When drawing a Pearl River metro map on Google Earth for an upcoming trip, I stumbled upon the amazing Line 18, which starts fin the north of Guangzhou will soon go all the way to Zhongshan in the south. That will make it 150 kilometres long and it will even be extended to Zhuhai later. It has a top speed of 160 km/h, which is quite impressive fro a metro. China plans to make the whole Pearl River region, which already has more skyscrapers than North America, a huge megacity. By far the largest city in the world. Line 18 will be the first line that crosses that whole city. The trains look aerodynamic like a high speed train, which is quite unusual for a metro. Projects like those show how far China is ahead of the rest of the world.
Yes the Delhi RRTS is system connection delhi to its sattelite cities, and hundreds of thousands of people come into the main city from these other cities thru cars. RRTS has 1 buisness coach as well with bigger seats and laptop charging etc for more comfort, but i dont think that will be very populr for now atleast, untill a bit richer population starts to use them which is unlikely for now. Delhi to meerut is almost a dense urban area now mostly along the higway Future of Delhi RRTS:-- Delhi (Gaziabad RRTS Staion) - jewar Airport (Noida International airport) Delhi - Panipat Delhi-Alwar via Bhivadi,rewari Delhi-Rohtak
High-speed metros would be ideal for express routes in Toronto and the surrounding region. Currently it takes over 2hrs to get across Toronto via transit
Your commentary used the phrase "good or bad thing". For passenger rail in the US, when you analyze "construction cost per annual rider" or "construction cost per mile", everything looks bad. The comment about "grade separated" is important. CAHSR is dealing with that to use legacy Caltrain tracks and stations, the cost of grade separation means running at-grade, slow trains, and quad-gates.

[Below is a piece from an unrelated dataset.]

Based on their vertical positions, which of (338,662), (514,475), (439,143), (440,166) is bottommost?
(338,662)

•R32s• the old retro trains on the A & C routes were very high-speed but had that eye opened demolished vibe when you're on the A to Ozone or the C Train to the last stop in East New York as a kid almost 20 yrs ago.
You dont really have a need for it in the UK with the dense existing rail networks which are usually broken up into Inner Suburban services with a top speed of around 75mph and a mix of longitudinal and high density seating usually doing end to end route lengths of under an hour (traditionally also no toilets), usually short formations doing high frequency 3-6tph timetables. And Outer Suburban services which usually have a top speed of 90mph or 100mph doing route lengths of up to 2 hours, usually has toilets and no longitudinal seating sections, longer less frequent formations of maybe 2-3tph. You then usually have interleaved limited stop or express services where they omit station calls for higher average speeds before then getting to Regional Rail services with end to end routes that can be around 3 hours and speeds of 100-115mph and finally Intercity services with speeds of 125mph+ doing end to end routes of 6 around hours, occasionally longer.

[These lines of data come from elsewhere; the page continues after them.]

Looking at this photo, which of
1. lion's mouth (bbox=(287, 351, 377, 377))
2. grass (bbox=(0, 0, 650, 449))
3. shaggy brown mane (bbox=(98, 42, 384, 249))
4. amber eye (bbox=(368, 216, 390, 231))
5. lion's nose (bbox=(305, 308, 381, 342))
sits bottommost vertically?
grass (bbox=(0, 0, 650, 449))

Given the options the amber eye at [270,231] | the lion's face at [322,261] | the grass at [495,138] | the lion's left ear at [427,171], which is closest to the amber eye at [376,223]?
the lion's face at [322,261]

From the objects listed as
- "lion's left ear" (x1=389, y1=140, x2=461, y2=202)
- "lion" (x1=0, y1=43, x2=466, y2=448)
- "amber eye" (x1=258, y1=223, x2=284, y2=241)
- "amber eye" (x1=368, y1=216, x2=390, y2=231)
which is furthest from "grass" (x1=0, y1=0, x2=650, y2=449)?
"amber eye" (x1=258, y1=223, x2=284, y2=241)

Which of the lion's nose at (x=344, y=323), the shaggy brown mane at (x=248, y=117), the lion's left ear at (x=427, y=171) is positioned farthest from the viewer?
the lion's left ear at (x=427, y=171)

The RRTS system is not a high speed metro but a regional transit system even though it does have an integrated metro system that can reach the top speeds of around 120 km/h. But even tho RRTS in itself is serves its purpose well by connecting three major cities the metro is very impractical and is a public stunt as the stations are distributed sparsely and go to the middle of nowhere while avoiding the densely populated major city centers of my city. I can already feel it being a logistical nightmare as my city already has a low population density to keep the metro financially stable apart from it just going nowhere.

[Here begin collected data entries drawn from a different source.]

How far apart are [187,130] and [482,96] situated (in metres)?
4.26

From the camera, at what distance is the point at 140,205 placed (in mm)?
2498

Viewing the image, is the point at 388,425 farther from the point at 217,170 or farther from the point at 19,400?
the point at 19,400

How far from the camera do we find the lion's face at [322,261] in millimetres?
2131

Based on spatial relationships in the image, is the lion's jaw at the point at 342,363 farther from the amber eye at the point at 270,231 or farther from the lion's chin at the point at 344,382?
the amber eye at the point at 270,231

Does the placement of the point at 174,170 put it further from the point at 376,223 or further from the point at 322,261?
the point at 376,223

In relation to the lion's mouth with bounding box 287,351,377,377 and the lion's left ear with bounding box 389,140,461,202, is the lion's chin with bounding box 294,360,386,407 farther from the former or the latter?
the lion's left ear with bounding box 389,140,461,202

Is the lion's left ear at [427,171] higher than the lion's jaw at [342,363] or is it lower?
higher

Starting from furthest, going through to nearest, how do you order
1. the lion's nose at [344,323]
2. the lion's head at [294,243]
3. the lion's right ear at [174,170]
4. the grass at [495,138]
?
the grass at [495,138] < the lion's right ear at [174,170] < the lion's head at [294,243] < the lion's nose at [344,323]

Barcelona has a quite slow metro system, and I think Madrid’s line 8 is the only metro line that operates above 100 km/h in Spain. A high speed metro would be fantastic between Sabadell/Terrassa and Barcelona!
A reason that China doesnt have much suburban railway services is that most part of these railways belong to China Railway, which focus on long-distance services rather than suburban and intercity services. Because the CR is not subject to local goverments, it doesnt have to cooperate with the develop plan of the city. The services frequency is low and the price is high. However, there are some successful and very interesting lines. The Jingshan Railway in Shanghai provides frequent and cheap metro-like services that runs at 160 km/h using High-speed trains. And Xihu Line in Xi'an is another interesting project. It uses old single-track railway and uses existing diesel locomotive on both side of the train to drive old passenger carriage (converted to metro style interior), which makes it looks like DMU. So the cost of this line is very low.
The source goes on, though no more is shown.